▸ Your assignment
Transcribe, without alteration, the line that includes "झाबुआ – बामनझीरी" and each line after it until the records end, omitting all that precede it.

········

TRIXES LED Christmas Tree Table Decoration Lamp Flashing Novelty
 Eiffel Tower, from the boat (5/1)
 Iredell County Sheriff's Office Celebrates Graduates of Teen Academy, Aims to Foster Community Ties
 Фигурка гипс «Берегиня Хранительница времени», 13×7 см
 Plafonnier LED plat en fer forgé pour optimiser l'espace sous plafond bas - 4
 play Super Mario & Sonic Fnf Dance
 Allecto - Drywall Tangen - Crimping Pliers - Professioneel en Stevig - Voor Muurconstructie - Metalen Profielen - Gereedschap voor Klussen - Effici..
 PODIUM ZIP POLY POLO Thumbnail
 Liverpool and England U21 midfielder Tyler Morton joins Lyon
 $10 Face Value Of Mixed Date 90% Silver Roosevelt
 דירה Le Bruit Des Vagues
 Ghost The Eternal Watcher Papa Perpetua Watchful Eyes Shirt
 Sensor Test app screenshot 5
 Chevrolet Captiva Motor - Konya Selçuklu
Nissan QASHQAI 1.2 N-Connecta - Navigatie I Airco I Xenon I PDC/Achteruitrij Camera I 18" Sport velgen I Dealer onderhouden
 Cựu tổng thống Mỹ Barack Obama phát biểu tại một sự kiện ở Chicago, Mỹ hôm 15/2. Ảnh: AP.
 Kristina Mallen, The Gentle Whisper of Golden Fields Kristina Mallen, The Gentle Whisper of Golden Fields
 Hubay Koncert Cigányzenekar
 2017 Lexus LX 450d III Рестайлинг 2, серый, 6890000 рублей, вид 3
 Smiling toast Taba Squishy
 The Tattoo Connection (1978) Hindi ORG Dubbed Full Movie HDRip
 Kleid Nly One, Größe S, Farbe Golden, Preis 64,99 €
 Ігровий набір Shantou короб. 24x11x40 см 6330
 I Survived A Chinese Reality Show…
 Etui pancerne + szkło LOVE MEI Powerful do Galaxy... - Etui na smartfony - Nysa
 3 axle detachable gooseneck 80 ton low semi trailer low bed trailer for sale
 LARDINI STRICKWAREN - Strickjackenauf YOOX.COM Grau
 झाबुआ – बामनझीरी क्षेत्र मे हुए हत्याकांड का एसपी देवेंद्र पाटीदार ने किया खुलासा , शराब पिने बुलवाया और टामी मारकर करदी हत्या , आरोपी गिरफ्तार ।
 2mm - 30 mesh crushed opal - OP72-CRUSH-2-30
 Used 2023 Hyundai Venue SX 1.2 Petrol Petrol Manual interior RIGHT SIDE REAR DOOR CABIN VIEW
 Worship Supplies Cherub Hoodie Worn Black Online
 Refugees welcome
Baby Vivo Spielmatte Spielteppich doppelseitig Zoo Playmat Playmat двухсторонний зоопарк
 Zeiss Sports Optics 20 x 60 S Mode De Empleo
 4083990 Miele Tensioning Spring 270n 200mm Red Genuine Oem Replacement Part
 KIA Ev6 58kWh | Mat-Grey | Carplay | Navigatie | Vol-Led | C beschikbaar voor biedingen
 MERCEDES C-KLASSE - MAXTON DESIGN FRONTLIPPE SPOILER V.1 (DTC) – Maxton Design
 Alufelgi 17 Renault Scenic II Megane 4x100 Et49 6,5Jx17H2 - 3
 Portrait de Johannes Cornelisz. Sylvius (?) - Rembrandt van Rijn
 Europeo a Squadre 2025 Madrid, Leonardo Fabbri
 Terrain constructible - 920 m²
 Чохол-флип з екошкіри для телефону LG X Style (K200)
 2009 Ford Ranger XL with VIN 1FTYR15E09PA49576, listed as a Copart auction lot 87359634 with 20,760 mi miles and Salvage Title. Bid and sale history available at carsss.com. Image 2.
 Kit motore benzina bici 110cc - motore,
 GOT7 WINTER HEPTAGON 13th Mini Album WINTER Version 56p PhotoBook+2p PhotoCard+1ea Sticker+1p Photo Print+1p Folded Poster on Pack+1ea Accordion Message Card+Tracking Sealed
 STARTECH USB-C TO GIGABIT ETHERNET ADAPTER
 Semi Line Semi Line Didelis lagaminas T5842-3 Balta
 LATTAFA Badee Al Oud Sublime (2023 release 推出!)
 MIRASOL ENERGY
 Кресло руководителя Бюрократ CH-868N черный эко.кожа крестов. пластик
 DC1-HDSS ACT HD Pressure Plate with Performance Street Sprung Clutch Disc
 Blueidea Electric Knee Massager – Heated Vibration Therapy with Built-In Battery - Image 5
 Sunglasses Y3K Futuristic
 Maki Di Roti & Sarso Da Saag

········

▸ Written answer
 झाबुआ – बामनझीरी क्षेत्र मे हुए हत्याकांड का एसपी देवेंद्र पाटीदार ने किया खुलासा , शराब पिने बुलवाया और टामी मारकर करदी हत्या , आरोपी गिरफ्तार ।
 2mm - 30 mesh crushed opal - OP72-CRUSH-2-30
 Used 2023 Hyundai Venue SX 1.2 Petrol Petrol Manual interior RIGHT SIDE REAR DOOR CABIN VIEW
 Worship Supplies Cherub Hoodie Worn Black Online
 Refugees welcome
Baby Vivo Spielmatte Spielteppich doppelseitig Zoo Playmat Playmat двухсторонний зоопарк
 Zeiss Sports Optics 20 x 60 S Mode De Empleo
 4083990 Miele Tensioning Spring 270n 200mm Red Genuine Oem Replacement Part
 KIA Ev6 58kWh | Mat-Grey | Carplay | Navigatie | Vol-Led | C beschikbaar voor biedingen
 MERCEDES C-KLASSE - MAXTON DESIGN FRONTLIPPE SPOILER V.1 (DTC) – Maxton Design
 Alufelgi 17 Renault Scenic II Megane 4x100 Et49 6,5Jx17H2 - 3
 Portrait de Johannes Cornelisz. Sylvius (?) - Rembrandt van Rijn
 Europeo a Squadre 2025 Madrid, Leonardo Fabbri
 Terrain constructible - 920 m²
 Чохол-флип з екошкіри для телефону LG X Style (K200)
 2009 Ford Ranger XL with VIN 1FTYR15E09PA49576, listed as a Copart auction lot 87359634 with 20,760 mi miles and Salvage Title. Bid and sale history available at carsss.com. Image 2.
 Kit motore benzina bici 110cc - motore,
 GOT7 WINTER HEPTAGON 13th Mini Album WINTER Version 56p PhotoBook+2p PhotoCard+1ea Sticker+1p Photo Print+1p Folded Poster on Pack+1ea Accordion Message Card+Tracking Sealed
 STARTECH USB-C TO GIGABIT ETHERNET ADAPTER
 Semi Line Semi Line Didelis lagaminas T5842-3 Balta
 LATTAFA Badee Al Oud Sublime (2023 release 推出!)
 MIRASOL ENERGY
 Кресло руководителя Бюрократ CH-868N черный эко.кожа крестов. пластик
 DC1-HDSS ACT HD Pressure Plate with Performance Street Sprung Clutch Disc
 Blueidea Electric Knee Massager – Heated Vibration Therapy with Built-In Battery - Image 5
 Sunglasses Y3K Futuristic
 Maki Di Roti & Sarso Da Saag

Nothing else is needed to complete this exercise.